The leaned CIT (A) ought to have seen that the appellant is entitled for deduction u/s 80P of the I. T. Act and the claim for deduction of Rs.38,22, 78 1/- should have been allowed by the learned CIT (A).
The learned CIT (A) erred in holding that the appellant is not eligible for deduction u/s 80P (2) on the ground that the activities of the appellant also include micro insurance premium, NPS contribution, loan insurance premium etc.
The learned CIT (A) ought to have seen that the exemption is allowable u/s 80P and in the alternate on the principles of mutuality and the learned CIT (A) ought to have allowed the exemption in total.
The learned CIT (A) ought to have seen that it is a credit society formed for working on the co-operative principles and, therefore, is eligible for deduction.”
Observation of the court
In the present case, the assessee has not filed any document showing that the assessee has not claimed the deduction as indicated by the Assessing Officer in Paras 6 and 7 reproduced hereinabove. The ld. AR submitted that the Assessing Officer has included the total receipts from insurance business as against the income from said activity. It was contended that even perusing that that the activities of assessee are not eligible under section 80P of the Act, then also the Assessing Officer has required to disallow only the income even for the reason that the activities of the assessee does not fall within the purview of section 80P(2) of the Act.
In our view, admittedly, the assessee can only claim the deduction in respect of the gross total income earned by the assessee from the activities mentioned in sub-section (2) of Section 80P of the Act. Undoubtedly, the activities of the insurance do not form a part and parcel of carrying on the business of banking and providing credit facilities to its members. In our considered opinion, the activities of the insurance do not fall within the realm of the banking activities as banking activities are separate and distinct from the insurance activities. The banking activities are regulated by the Banking Regulations Act, 1949 and the insurance activities are governed by the Insurance Regulation of Development Authority Act, 1999. The banking and insurance activities are two separate and distinct activities, governed by two different Acts and hence, it cannot be presumed that insurance activities were subsumed in banking activities. The banking activities are quite different than the insurance activities and therefore, the contention of the assessee that the activities carried out by the assessee, being the insurance activities, would fall within the banking activities is devoid of merit and we do not agree with the said contention.

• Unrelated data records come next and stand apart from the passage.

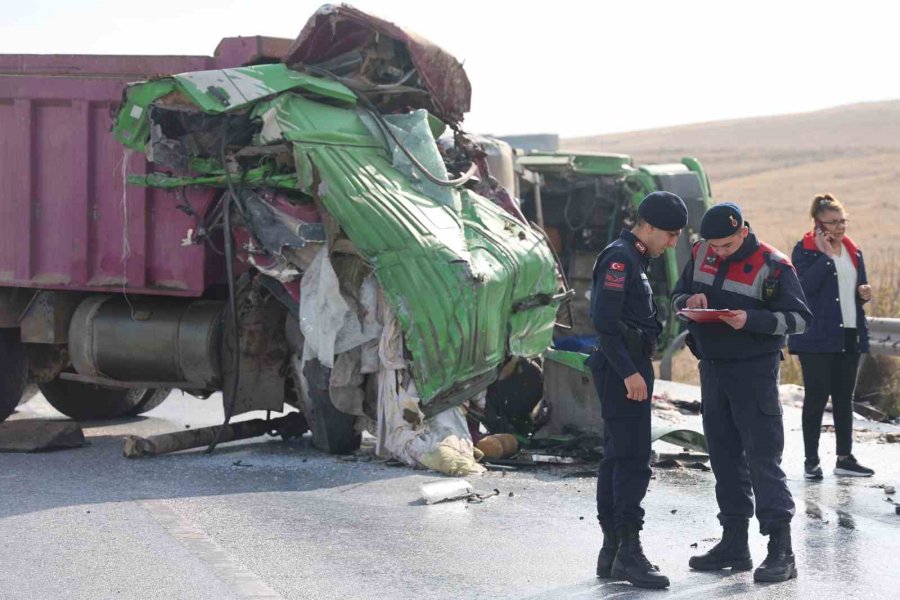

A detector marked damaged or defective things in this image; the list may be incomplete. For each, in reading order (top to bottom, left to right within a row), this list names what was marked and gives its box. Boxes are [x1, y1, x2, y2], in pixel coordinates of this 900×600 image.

severely damaged truck [0, 4, 564, 468]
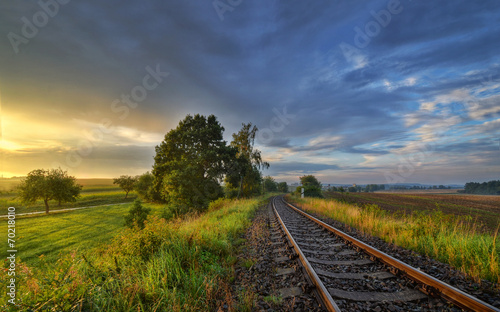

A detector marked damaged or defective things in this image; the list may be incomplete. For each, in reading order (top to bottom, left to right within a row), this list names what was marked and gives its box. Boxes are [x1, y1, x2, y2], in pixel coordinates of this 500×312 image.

rusty railroad track [272, 196, 500, 310]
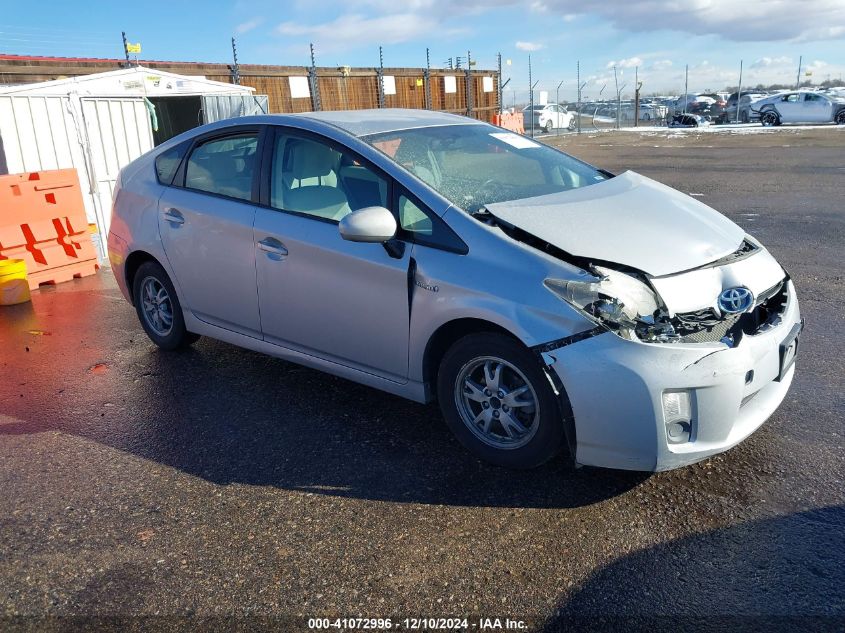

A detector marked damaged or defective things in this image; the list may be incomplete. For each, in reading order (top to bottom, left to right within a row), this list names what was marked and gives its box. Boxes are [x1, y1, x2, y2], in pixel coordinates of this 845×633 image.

buckled hood [484, 169, 740, 276]
broken headlight [544, 266, 676, 344]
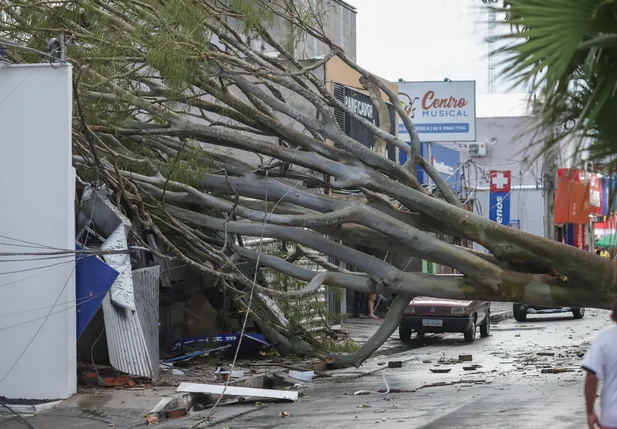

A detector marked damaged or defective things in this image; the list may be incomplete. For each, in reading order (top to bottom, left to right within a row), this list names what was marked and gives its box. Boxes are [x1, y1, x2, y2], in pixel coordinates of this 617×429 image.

broken white board [176, 382, 298, 402]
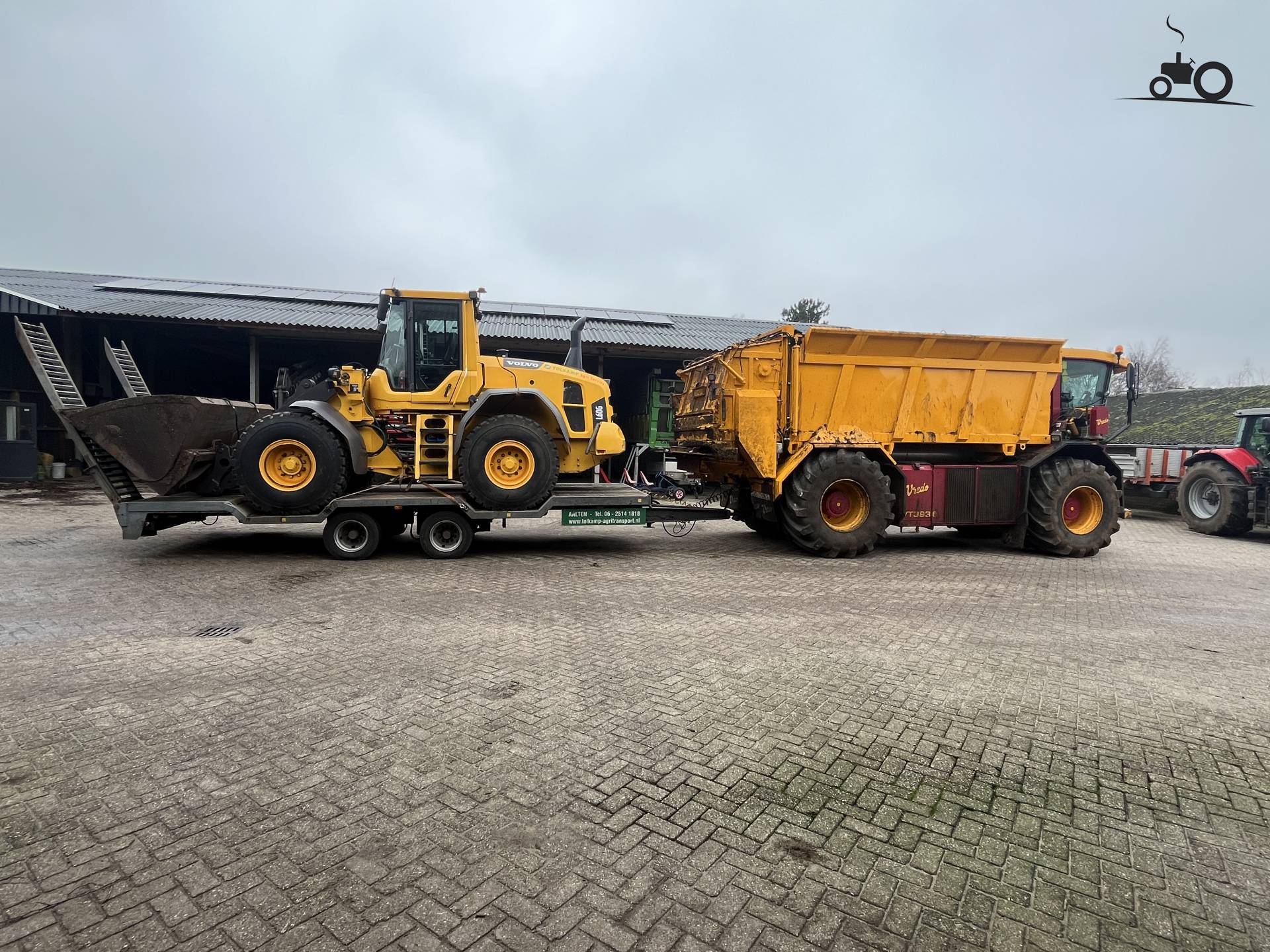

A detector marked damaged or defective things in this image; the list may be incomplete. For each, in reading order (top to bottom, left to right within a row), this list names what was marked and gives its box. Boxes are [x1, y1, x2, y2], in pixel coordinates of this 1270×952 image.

rusty dump trailer [675, 327, 1132, 558]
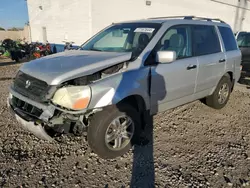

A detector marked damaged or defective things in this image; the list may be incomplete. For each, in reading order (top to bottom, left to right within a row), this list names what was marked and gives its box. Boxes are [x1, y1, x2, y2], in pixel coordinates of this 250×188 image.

damaged front end [8, 61, 127, 141]
crumpled hood [19, 50, 132, 85]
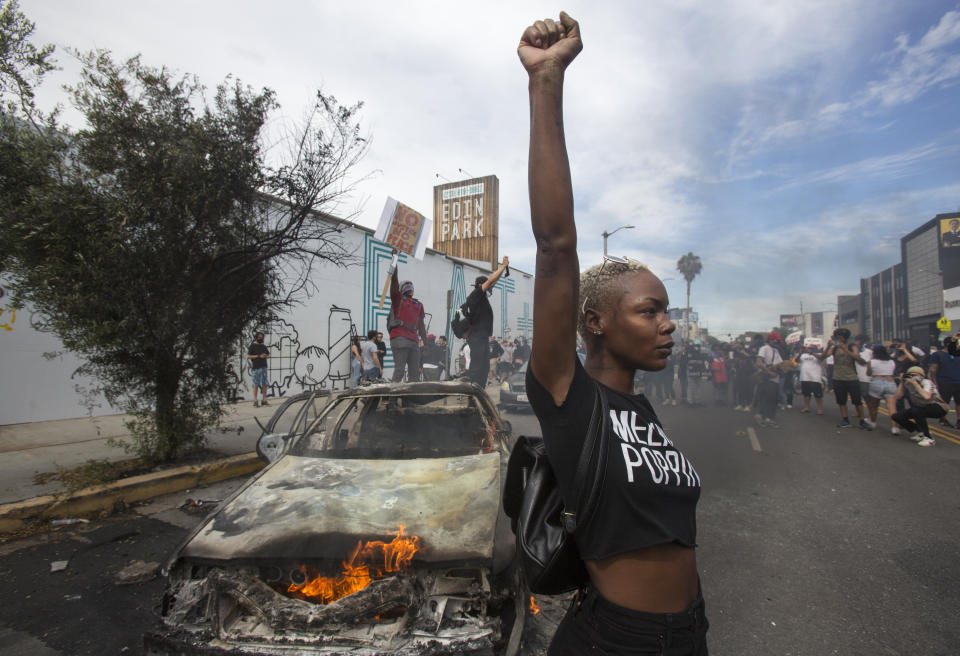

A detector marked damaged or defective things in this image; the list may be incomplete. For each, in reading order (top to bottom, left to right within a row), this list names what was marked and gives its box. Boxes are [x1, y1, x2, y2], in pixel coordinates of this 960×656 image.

charred vehicle [144, 382, 524, 652]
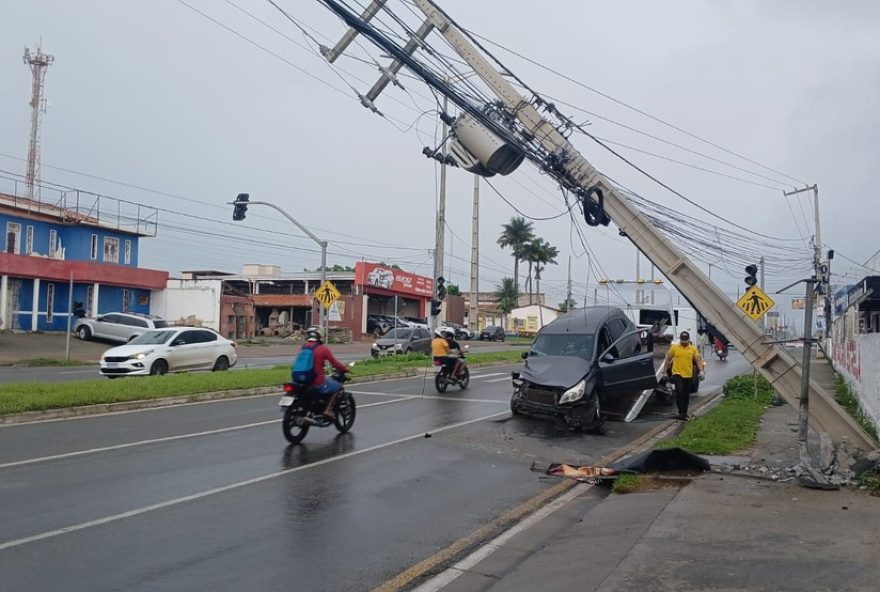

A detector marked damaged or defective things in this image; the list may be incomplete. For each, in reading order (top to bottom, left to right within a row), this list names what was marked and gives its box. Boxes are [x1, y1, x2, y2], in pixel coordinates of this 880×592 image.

damaged dark minivan [508, 306, 660, 430]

The activities of the assessee are primarily in the nature of insurance activities as mentioned by the Assessing Officer and confirmed by the ld.CIT(A). In view of the above, we do not find any reason to state that the assessee is entitled to any deduction under section 80P( 1) of the Act. Having held that in our opinion, the Assessing Officer is only entitled to disallow the deduction claimed by the assessee in the return of income with respect to insurance business. For the above said purposes, we deem it proper to remand back the matter to the file of Assessing Officer for the limited purpose with a direction to disallow the deduction claimed by the assessee in return of income which is directly relatable to the insurance activities, as it do not fall under section 80P(2) of the Act i.e., Insurance activities. Accordingly, we remand back the matter to the file of Assessing Officer for the limited purposes of verifying the deduction claimed in return of income and to pass a fresh order after affording due opportunity of hearing to the assessee in accordance with law. Further, the assessee is directed to appear before the Assessing Officer on the date of hearing fixed by the Assessing Officer and shall file all the documents / evidence in support of its case. In case, the assessee failed to file any documents in support of its case, Assessing Officer shall decide the matter in accordance with the law. Accordingly, the appeal of assessee is allowed for statistical purposes.
In the result, the appeal of the assessee is allowed for statistical purposes.
Order pronounced in the Open Court on 17th October, 2023.